In summary, its important to remember that the hard part is already behind GEVO. They have proven their technologies, being able to produce Isobutanol and successfully separate it from their yeasts, and have lined up an impressive list of clientele, both from a brand name standpoint and from a sales capacity standpoint. The next step, which is the final step in a long journey to profitability and beyond, is simply pressing the plant levels to full run rates. The actual operating process has taken longer than expected but the fear mongering and worst case scenario story telling that has gone on in recent weeks is not only unrealistic but unnecessary. If GEVO decides to focus more on their licensing, which I believe is the short term (capital focused) goal of the company, rather than the developing of their "own" plants I think shareholders will be pleasantly surprised at how quickly the company can show explosive growth in revenues.
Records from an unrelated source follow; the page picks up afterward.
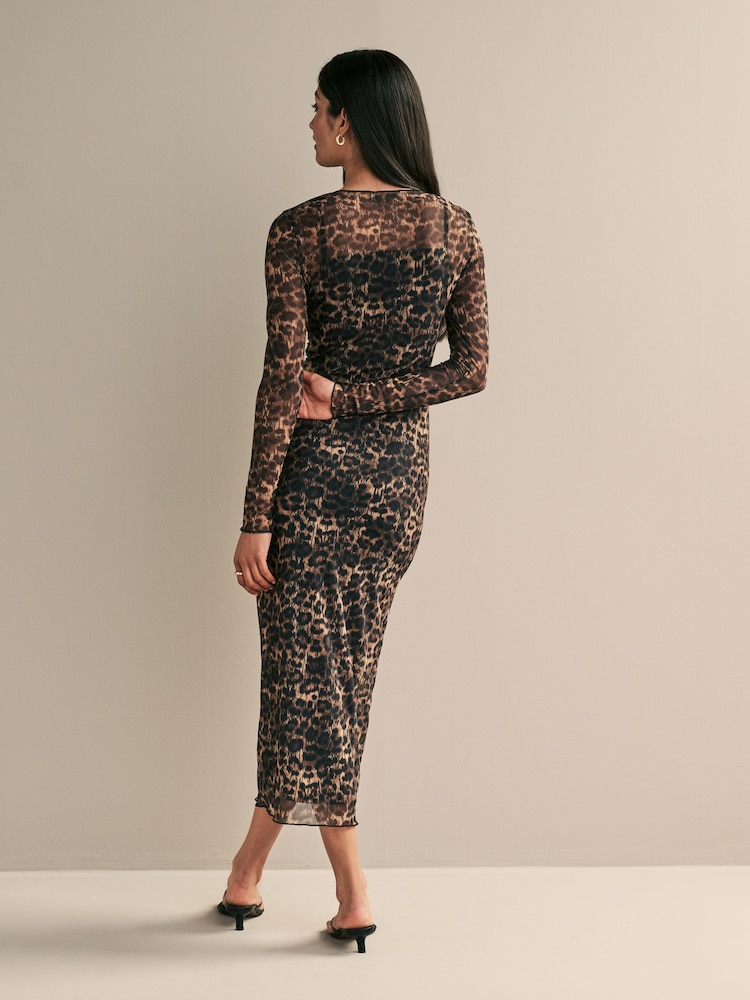 Animal - Myleene Klass živalski vzorci Mesh obleka - Slika 2 iz 4 Animal - Myleene Klass živalski vzorci Mesh obleka - Slika 2 iz 4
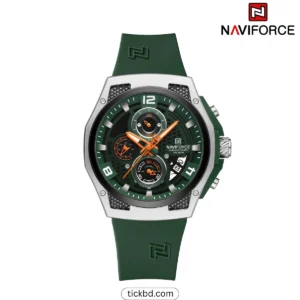 Naviforce 8051T Luxury & Durable Watch – Green Silver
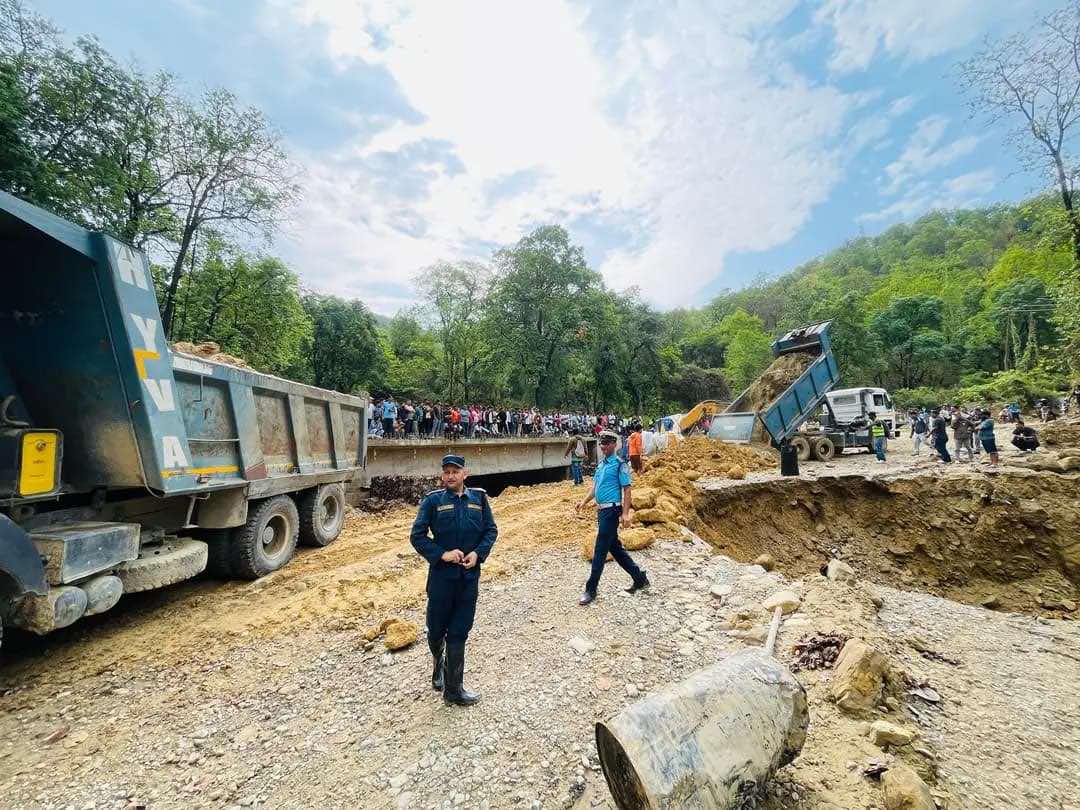 दाउन्ने सडकखण्ड दुईतर्फ संचालनमा
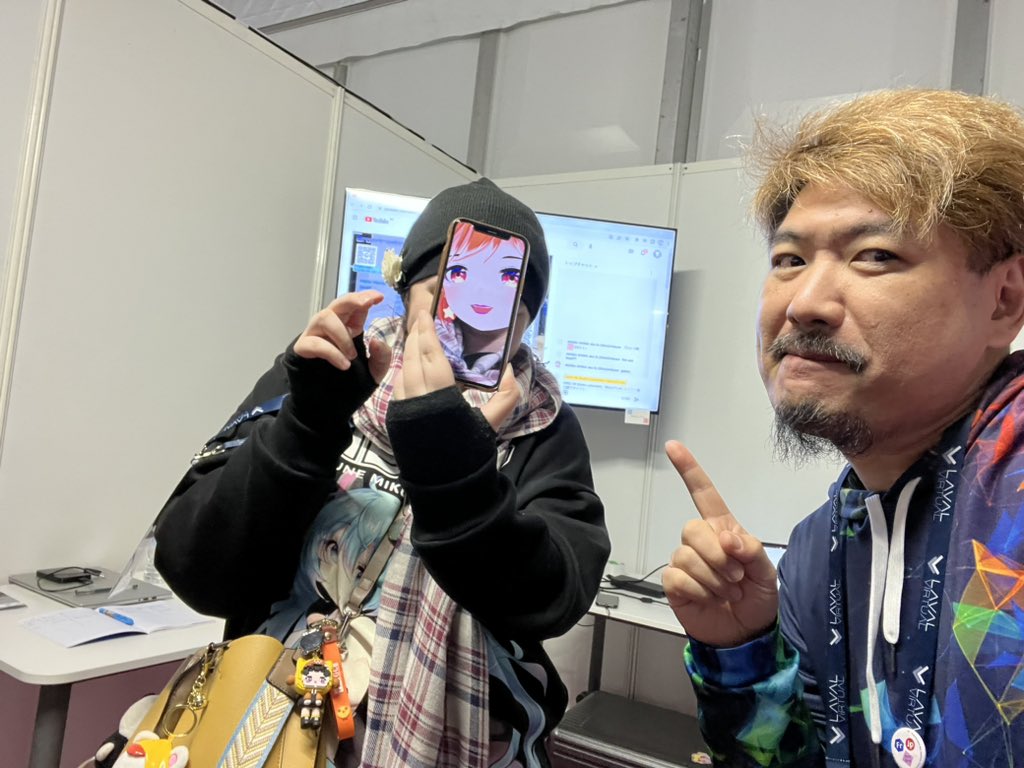 o_ob's tweet image. #VTuberFr @Ponoki_Chan bienvenue!
#LavalVirtual2023 #LavalVirtual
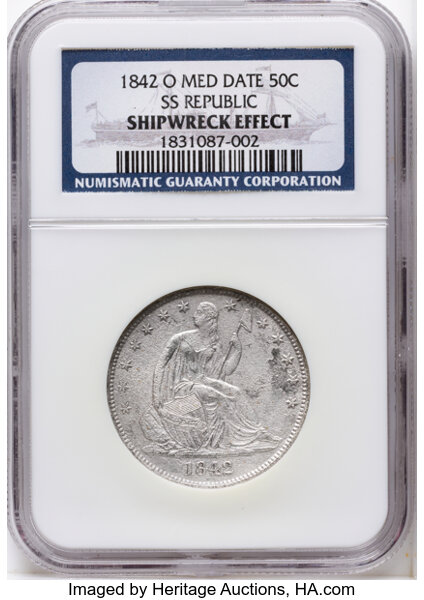 1842-O 50c Medium Date, Reverse of 1842 MS thumbnail 2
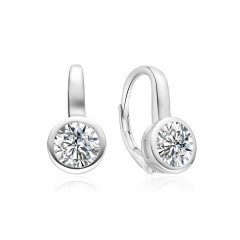 Strieborné náušnice so zirkónmi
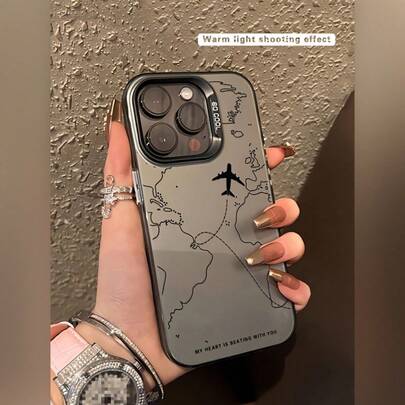 Apple Phone Case With Laser Plane Pattern,Suitable For Iphone17 Air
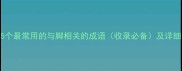 15个最常用的与脚相关的成语收录必备及详细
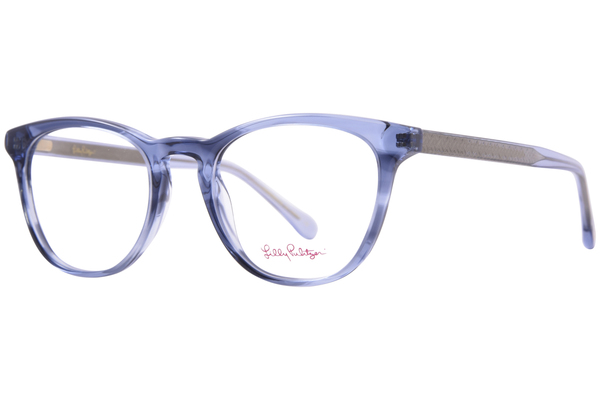  Lilly Pulitzer Sheree Eyeglasses Women's Full Rim Square Shape 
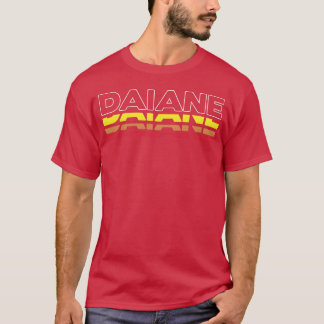 Camiseta Nome Daiane Engraçado Vintage Pôr do Sol Daiane me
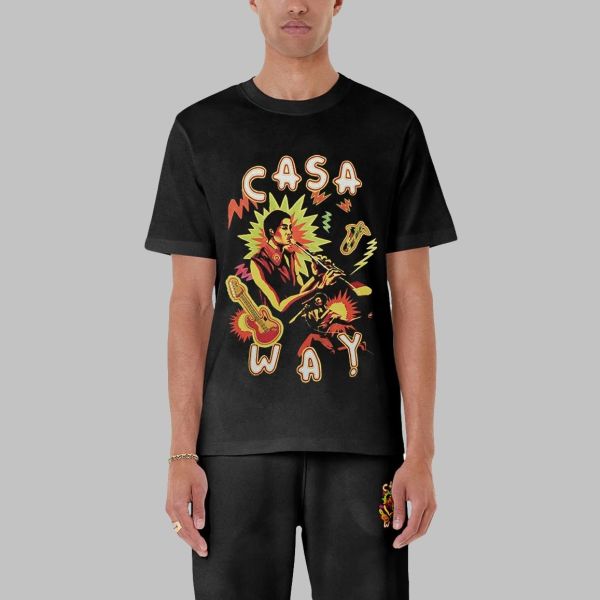 Casablanca Music For The People T-shirt Zwart
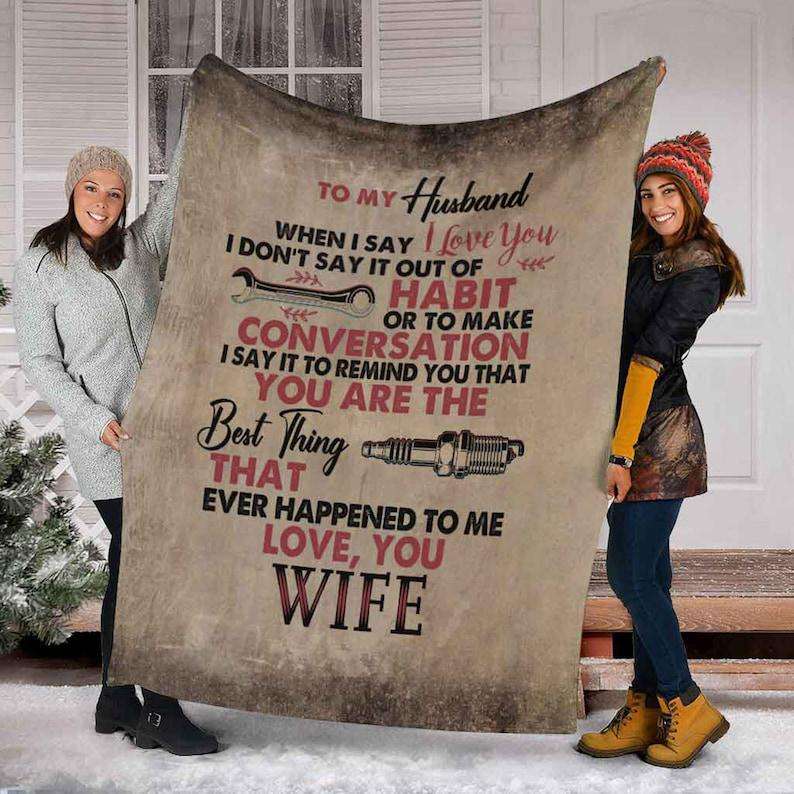 That Ever Happened To Me To My Husband Blanket Best Husband Gift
Risks that remain are further delays in getting the Luverne plant to full production, failing to either monetize joint ventures or get Redfield up to full production, and making significant concessions to current LOI's. With GEVO trading at all time lows and now in a position to make it to EBITDA positive for the first time company history I like GEVO as a buy for those with a stomach for volatility.

Disclosure: I am long GEVO. I wrote this article myself, and it expresses my own opinions. I am not receiving compensation for it (other than from Seeking Alpha). I have no business relationship with any company whose stock is mentioned in this article.